Pierre Godeau signe l’adaptation attendue du roman graphique de Sempé, avec Benoît Poelvoorde en héros très discret.
Benoît Poelvoorde traîne lentement sa silhouette dégingandée, accentuée par une salopette de mécano mal ajustée. L’oeil las, le menton rentré dans le cou, le débit hésitant, il compose un héros mi-lunaire, mi-tragique, miné par un mensonge sur lequel sa vie s’est construite : ni son père facteur qui attendait de lui qu’il lui succède), ni son épouse et mère de ses enfants ne se sont jamais doutés de son problème d’équilibre l’empêchant de faire du vélo. L’arrivée au village d’un photographe (Édouard Baer, toujours aussi irrésisitible) venu tirer le portrait de quelques gloires locales, dont Raoul, fera-t-elle jaillir la vérité ? Avec cette adaptation respectueuse du style minimaliste de Sempé (malgré quelques aménagements ici et là), Pierre Godeau offre à Benoît Poelvoorde une partition sur mesure. L’acteur, qui dans sa jeunesse, caressait l'idée de devenir dessinateur, est un grand fan devant l’éternel du créateur du Petit Nicolas. « Avec Édouard, on se disait qu’on faisait de la pantomime, déclare l’acteur belge. Il fallait être fidèle à la poésie de Sempé. C’était un bel exercice. » De son côté, Pierre Godeau a tenté de retranscrire par l’image l’inimitable esprit des dessins de Sempé, où l’humour très subtil voisine avec un sens de l’observation affuté. Outre les personnages principaux incarnés par Poelvoorde, Baer et la délicate Suzanne Clément (l’actrice québécoise joue la femme de Taburin), Godeau croque des personnages secondaires pittoresques : le père renfrogné de Raoul qui machouille nerveusement sa pipe (formidable Grégory Gadebois) ou le champion local de vélo toujours droit et prêt à enfourcher sa machine (le désopilant Vincent Desagnat). Ajoutez des touches de poésie remarquablement distillés et vous obtenez le feelgood movie du mois. Rien que ça.

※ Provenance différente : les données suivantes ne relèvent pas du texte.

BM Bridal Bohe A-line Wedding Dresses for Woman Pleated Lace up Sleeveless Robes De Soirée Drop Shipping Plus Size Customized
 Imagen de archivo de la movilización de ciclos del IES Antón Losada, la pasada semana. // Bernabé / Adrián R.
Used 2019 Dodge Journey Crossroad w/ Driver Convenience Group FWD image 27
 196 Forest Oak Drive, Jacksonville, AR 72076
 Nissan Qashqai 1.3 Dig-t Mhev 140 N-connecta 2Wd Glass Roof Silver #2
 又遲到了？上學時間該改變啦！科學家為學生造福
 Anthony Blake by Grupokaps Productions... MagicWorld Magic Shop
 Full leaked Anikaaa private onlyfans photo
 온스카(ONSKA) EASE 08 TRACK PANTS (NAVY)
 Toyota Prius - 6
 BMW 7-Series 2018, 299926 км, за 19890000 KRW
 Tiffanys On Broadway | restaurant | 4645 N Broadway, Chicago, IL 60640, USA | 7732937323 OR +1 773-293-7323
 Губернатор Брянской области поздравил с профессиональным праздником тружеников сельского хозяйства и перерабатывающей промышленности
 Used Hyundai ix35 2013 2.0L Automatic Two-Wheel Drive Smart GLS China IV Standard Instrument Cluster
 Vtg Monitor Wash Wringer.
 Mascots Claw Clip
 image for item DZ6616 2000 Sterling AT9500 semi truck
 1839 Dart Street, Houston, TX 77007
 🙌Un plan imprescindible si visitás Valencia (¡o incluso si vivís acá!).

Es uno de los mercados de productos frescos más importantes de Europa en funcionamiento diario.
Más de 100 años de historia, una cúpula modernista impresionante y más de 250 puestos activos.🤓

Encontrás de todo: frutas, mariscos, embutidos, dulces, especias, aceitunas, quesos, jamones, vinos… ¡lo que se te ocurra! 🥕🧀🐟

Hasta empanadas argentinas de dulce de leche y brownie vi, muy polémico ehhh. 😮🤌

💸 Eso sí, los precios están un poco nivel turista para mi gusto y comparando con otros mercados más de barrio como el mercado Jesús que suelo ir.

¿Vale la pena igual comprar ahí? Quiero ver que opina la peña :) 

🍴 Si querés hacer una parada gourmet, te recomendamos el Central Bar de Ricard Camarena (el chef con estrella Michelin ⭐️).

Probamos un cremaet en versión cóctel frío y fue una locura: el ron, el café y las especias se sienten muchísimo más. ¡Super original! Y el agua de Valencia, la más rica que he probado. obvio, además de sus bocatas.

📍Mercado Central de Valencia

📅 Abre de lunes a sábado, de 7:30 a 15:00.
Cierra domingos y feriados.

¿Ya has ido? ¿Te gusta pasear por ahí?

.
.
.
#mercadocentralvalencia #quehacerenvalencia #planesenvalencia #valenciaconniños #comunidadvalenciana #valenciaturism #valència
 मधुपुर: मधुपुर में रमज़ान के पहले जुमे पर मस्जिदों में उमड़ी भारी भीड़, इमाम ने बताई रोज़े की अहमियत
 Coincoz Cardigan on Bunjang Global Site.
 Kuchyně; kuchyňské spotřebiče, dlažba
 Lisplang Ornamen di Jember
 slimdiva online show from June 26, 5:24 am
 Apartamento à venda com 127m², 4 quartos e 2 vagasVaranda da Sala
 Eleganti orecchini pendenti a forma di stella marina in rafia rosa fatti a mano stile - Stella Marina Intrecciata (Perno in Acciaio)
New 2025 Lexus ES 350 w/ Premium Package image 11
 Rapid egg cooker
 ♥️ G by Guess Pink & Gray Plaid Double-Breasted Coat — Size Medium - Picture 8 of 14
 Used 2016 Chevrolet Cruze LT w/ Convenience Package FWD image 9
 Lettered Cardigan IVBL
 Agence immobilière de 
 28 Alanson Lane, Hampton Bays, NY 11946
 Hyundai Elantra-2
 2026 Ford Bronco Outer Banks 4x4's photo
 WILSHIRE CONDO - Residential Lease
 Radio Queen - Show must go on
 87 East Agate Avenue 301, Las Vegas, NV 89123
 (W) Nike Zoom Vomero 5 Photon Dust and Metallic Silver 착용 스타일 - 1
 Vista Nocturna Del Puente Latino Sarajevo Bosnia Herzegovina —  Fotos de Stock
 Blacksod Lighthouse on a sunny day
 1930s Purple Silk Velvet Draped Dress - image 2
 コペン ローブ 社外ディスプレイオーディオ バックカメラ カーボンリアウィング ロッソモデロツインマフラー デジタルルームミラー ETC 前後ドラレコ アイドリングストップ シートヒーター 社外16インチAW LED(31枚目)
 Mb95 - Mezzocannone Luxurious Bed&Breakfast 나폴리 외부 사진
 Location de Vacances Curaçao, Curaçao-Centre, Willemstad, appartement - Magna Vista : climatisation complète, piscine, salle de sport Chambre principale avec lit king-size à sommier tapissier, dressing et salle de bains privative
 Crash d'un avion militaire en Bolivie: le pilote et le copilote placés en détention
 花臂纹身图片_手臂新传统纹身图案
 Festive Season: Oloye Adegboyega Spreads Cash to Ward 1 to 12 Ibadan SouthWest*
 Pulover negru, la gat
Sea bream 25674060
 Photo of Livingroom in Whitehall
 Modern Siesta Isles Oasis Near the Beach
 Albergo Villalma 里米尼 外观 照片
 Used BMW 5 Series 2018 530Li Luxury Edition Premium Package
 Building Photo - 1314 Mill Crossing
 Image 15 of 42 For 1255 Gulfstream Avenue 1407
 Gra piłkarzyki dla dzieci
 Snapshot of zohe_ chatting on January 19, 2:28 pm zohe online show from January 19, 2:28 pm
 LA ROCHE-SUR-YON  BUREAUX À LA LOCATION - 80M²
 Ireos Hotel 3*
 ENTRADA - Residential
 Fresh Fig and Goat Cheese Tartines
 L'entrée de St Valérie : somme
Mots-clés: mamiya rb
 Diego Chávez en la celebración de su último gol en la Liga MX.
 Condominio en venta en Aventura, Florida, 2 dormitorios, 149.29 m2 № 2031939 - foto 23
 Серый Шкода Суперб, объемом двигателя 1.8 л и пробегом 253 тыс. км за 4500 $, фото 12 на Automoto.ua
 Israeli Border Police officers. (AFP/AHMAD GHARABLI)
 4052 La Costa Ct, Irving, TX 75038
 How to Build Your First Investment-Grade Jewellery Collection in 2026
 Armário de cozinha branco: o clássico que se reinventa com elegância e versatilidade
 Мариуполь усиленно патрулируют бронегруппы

3 bonnes raisons d’y aller :
1. Pour l’hommage à Sempé
Pierre Godeau réalise un bel hommage à l’illustre dessinateur avec cette adaptation follement poétique. On y retrouve les personnages attachants, une fantaisie et un humour incomparables, qui ont fait la légende de Sempé.
2. Pour la nostalgie
« Douce France, cher pays de mon enfance… » Le film nous plonge dans une France rêvée, champêtre et intemporelle. C’est pour ne pas perturber cette harmonie villageoise que Raoul Taburin dissimule son secret d’enfance, qui ne cesse de s’alourdir avec le temps.
3. Pour la célébration de l’amitié
De son partenaire Édouard Baer, Benoît Poelvoorde confie : « Quand je le regarde, parfois, je me vois. On a rarement tourné ensemble, mais on est amis depuis longtemps. » Une complicité à la ville qui crève l’écran et forge un tandem fraternel fort réussi.